| Requirement |
Write out the entries below exactly as they stand. Skip every image.

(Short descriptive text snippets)
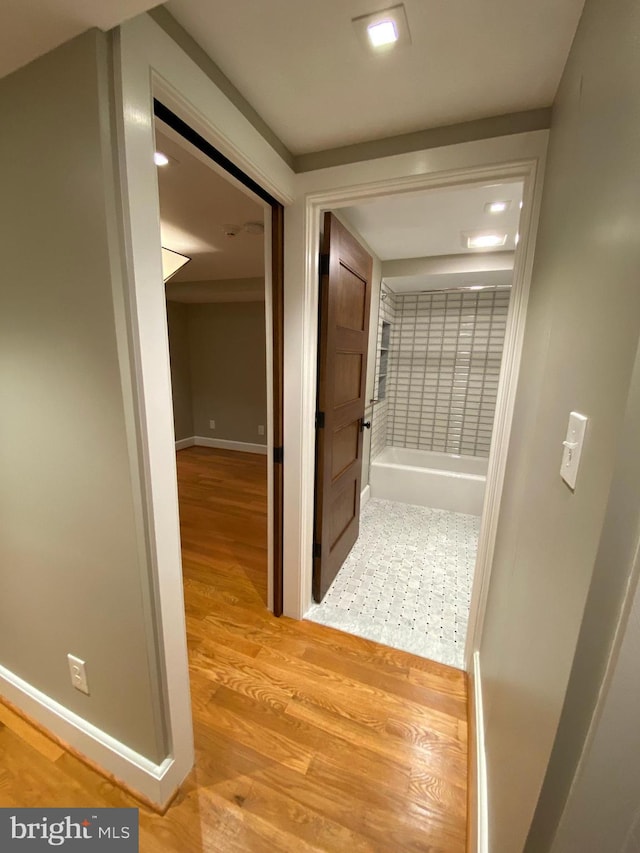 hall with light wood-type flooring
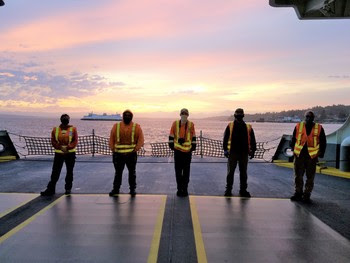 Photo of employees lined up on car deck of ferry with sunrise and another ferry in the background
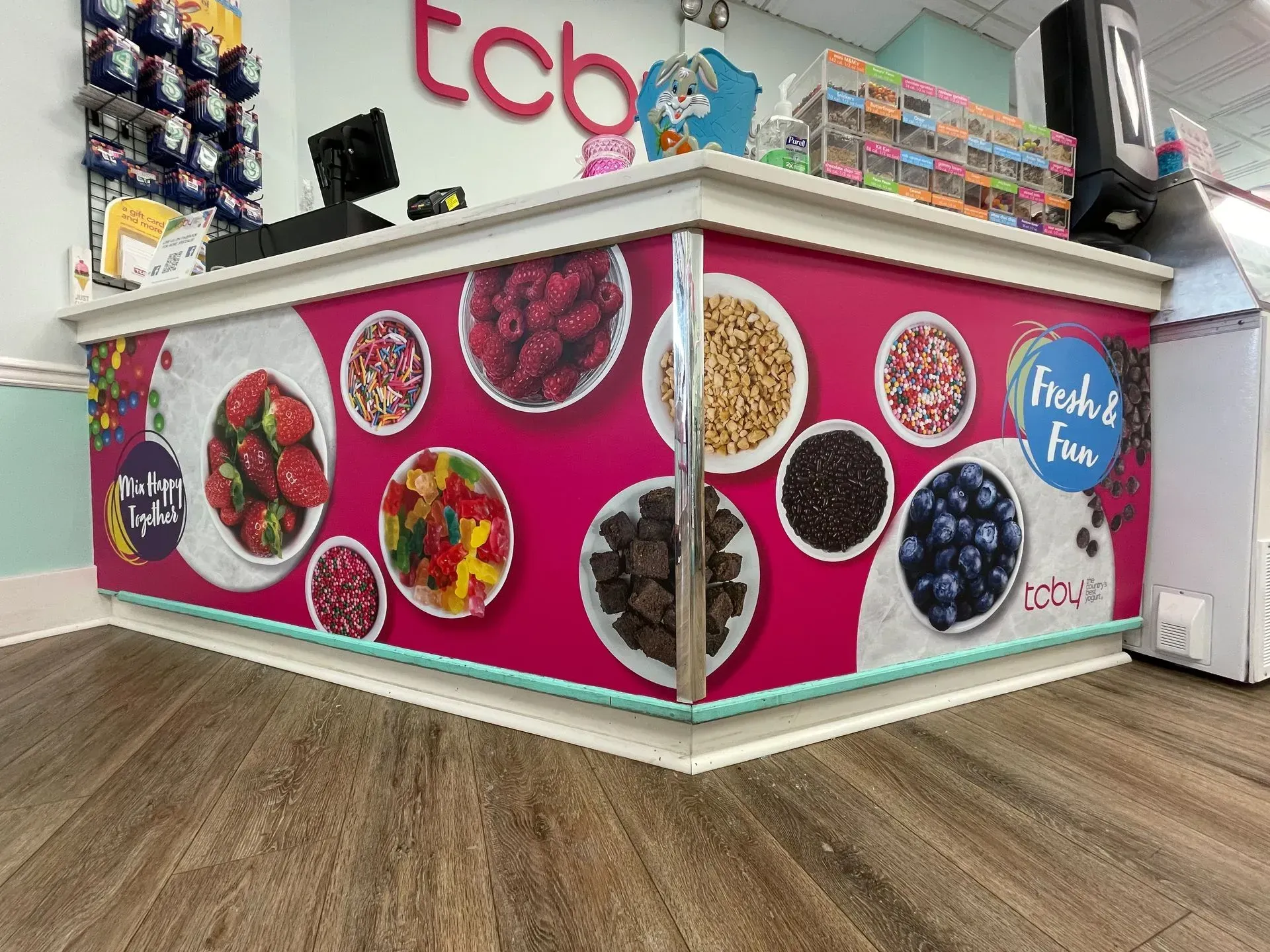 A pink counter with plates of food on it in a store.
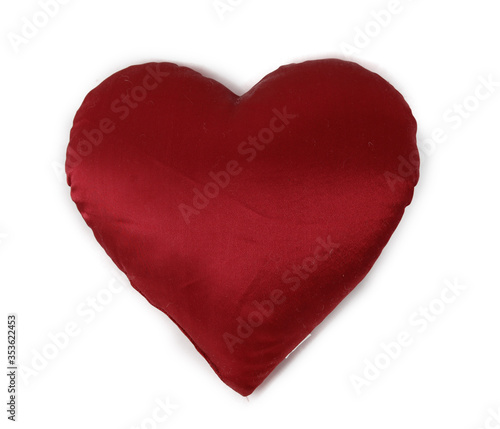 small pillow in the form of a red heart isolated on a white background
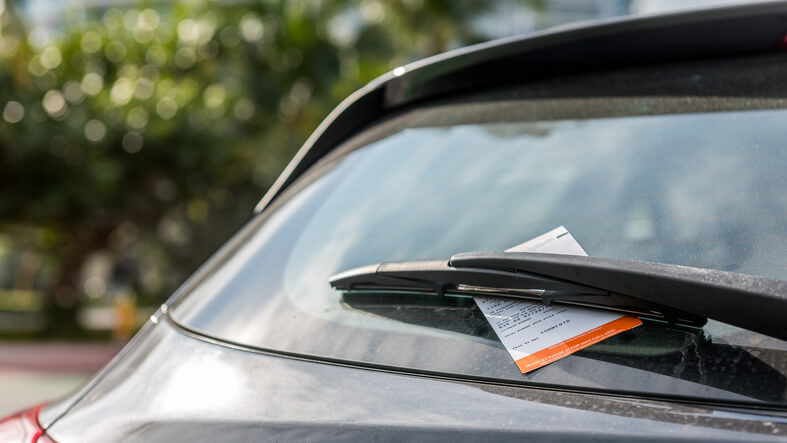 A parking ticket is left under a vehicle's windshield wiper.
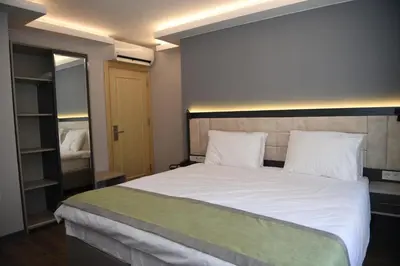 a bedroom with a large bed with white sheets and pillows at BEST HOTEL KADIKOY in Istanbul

| Task solution |
 hall with light wood-type flooring
 Photo of employees lined up on car deck of ferry with sunrise and another ferry in the background
 A pink counter with plates of food on it in a store.
 small pillow in the form of a red heart isolated on a white background
 A parking ticket is left under a vehicle's windshield wiper.
 a bedroom with a large bed with white sheets and pillows at BEST HOTEL KADIKOY in Istanbul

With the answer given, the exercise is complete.